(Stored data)
★ ★ ★ ★ ★ ★ ★
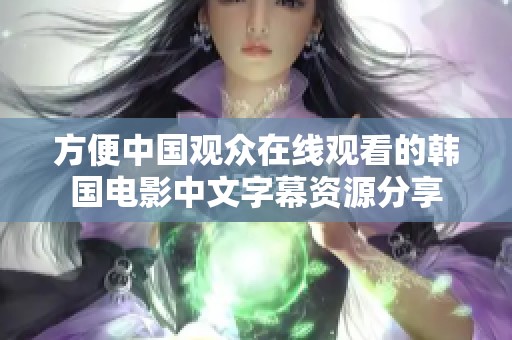 方便中国观众在线观看的韩国电影中文字幕资源分享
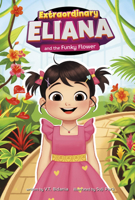 Extraordinary Eliana and the Funky Flower B0H86N62YP Book Cover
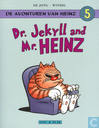 Dr. Jekyll and Mr. Heinz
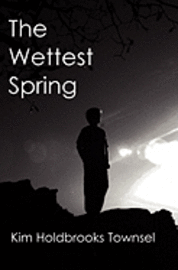 The Wettest Spring 1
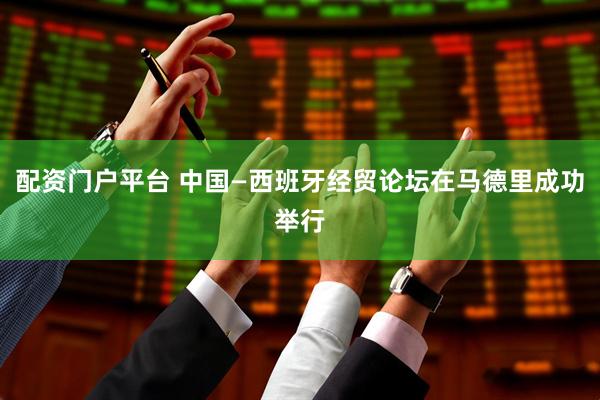 配资门户平台 中国—西班牙经贸论坛在马德里成功举行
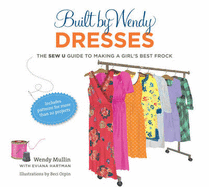 Built by Wendy Dresses: The Sew U Guide to Making a Girl's Best Frock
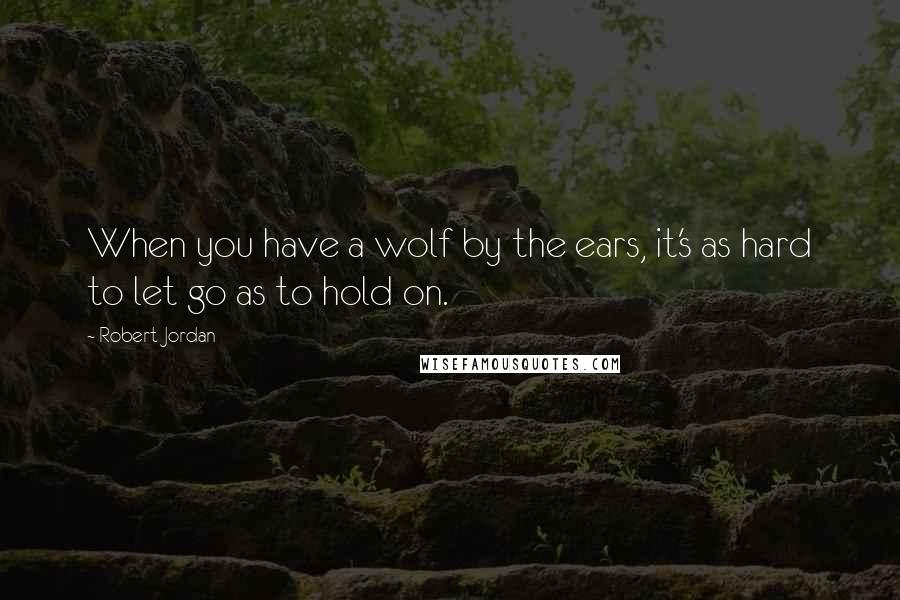 Robert Jordan Quotes: When you have a wolf by the ears, it's as hard to let go as to hold on.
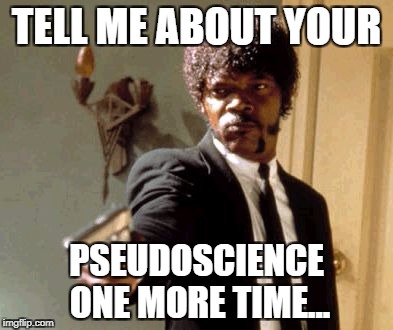 TELL ME ABOUT YOUR; PSEUDOSCIENCE ONE MORE TIME...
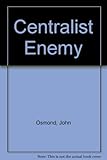 The centralist enemy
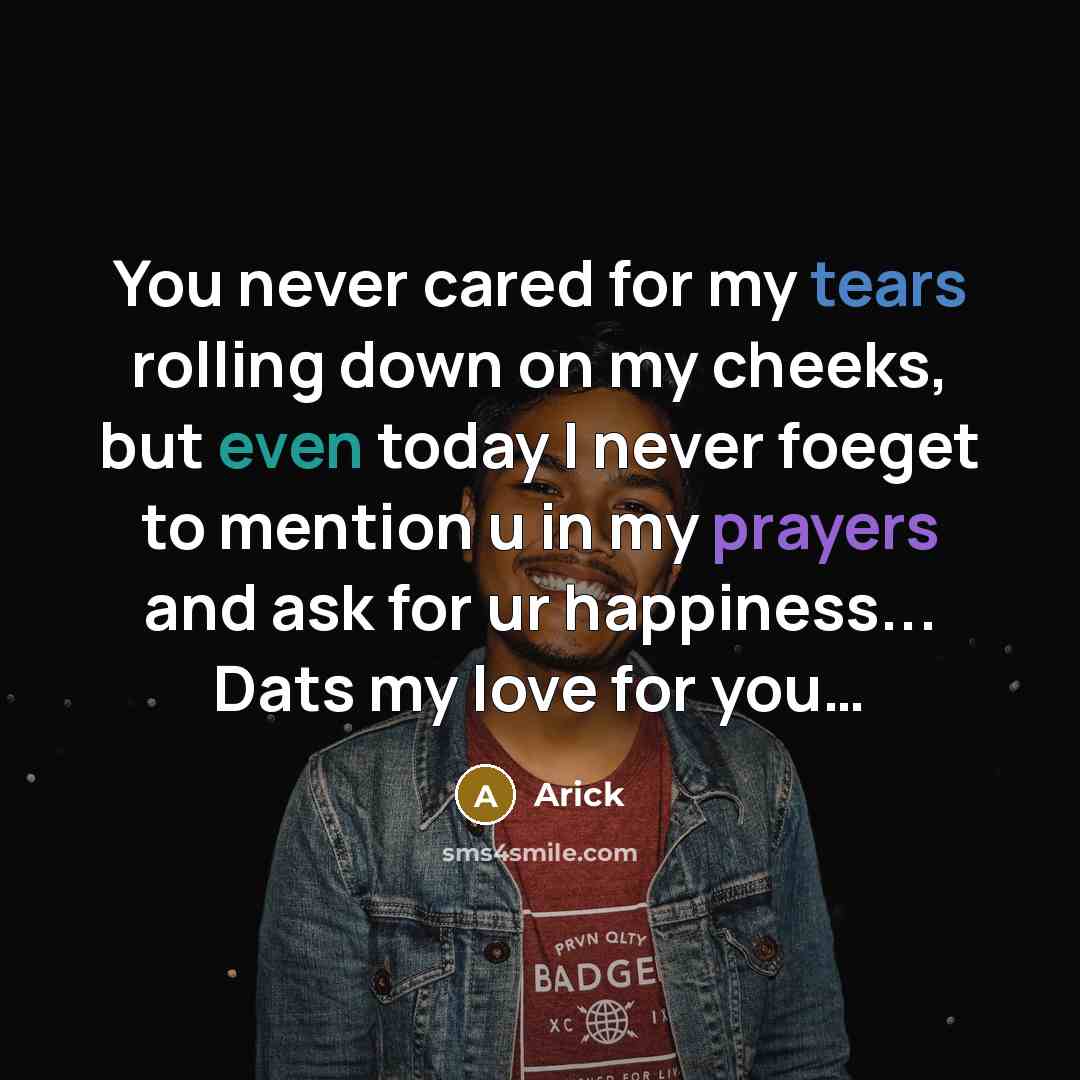 “You never cared for my tears rolling down on my cheeks, but even today I never foeget to mention u in my prayers and ask for ur happiness... Dats my love for you…” quote by Arick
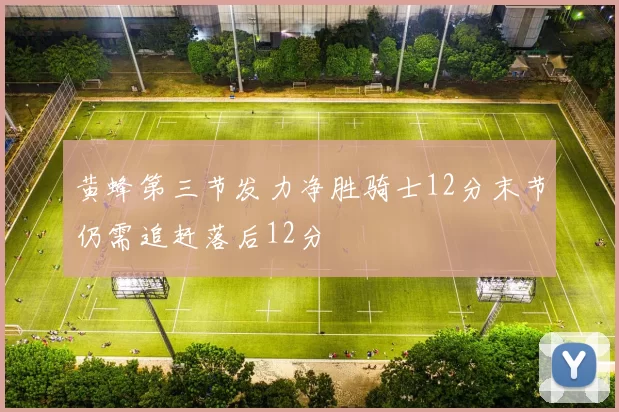 黄蜂第三节发力净胜骑士12分末节仍需追赶落后12分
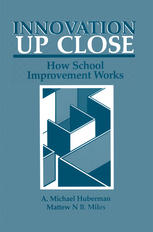 Innovation up Close : How School Improvement Works.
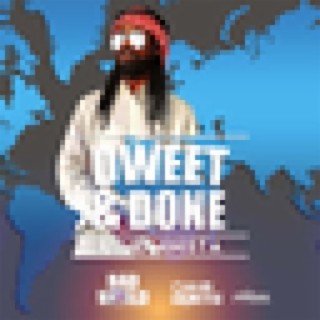 Dweet And Done - Single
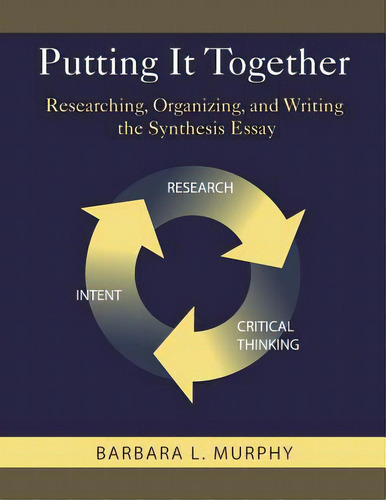 Putting It Together: Researching, Organizing, And Writing The Synthesis Essay, De Murphy, Barbara L.. Editorial Createspace, Tapa Blanda En Inglés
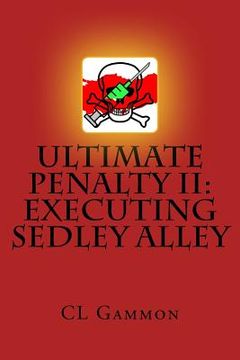 portada Ultimate Penalty II: Executing Sedley Alley (en Inglés)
★ ★ ★ ★ ★ ★ ★
▸ **What is needed**
Set the pictures aside and restate word for word only the lines from the line containing "Robert Jordan Quotes: When" through the end of the entries above, both included.

▸ **Your solution**
 Robert Jordan Quotes: When you have a wolf by the ears, it's as hard to let go as to hold on.
 TELL ME ABOUT YOUR; PSEUDOSCIENCE ONE MORE TIME...
 The centralist enemy
 “You never cared for my tears rolling down on my cheeks, but even today I never foeget to mention u in my prayers and ask for ur happiness... Dats my love for you…” quote by Arick
 黄蜂第三节发力净胜骑士12分末节仍需追赶落后12分
 Innovation up Close : How School Improvement Works.
 Dweet And Done - Single
 Putting It Together: Researching, Organizing, And Writing The Synthesis Essay, De Murphy, Barbara L.. Editorial Createspace, Tapa Blanda En Inglés
 portada Ultimate Penalty II: Executing Sedley Alley (en Inglés)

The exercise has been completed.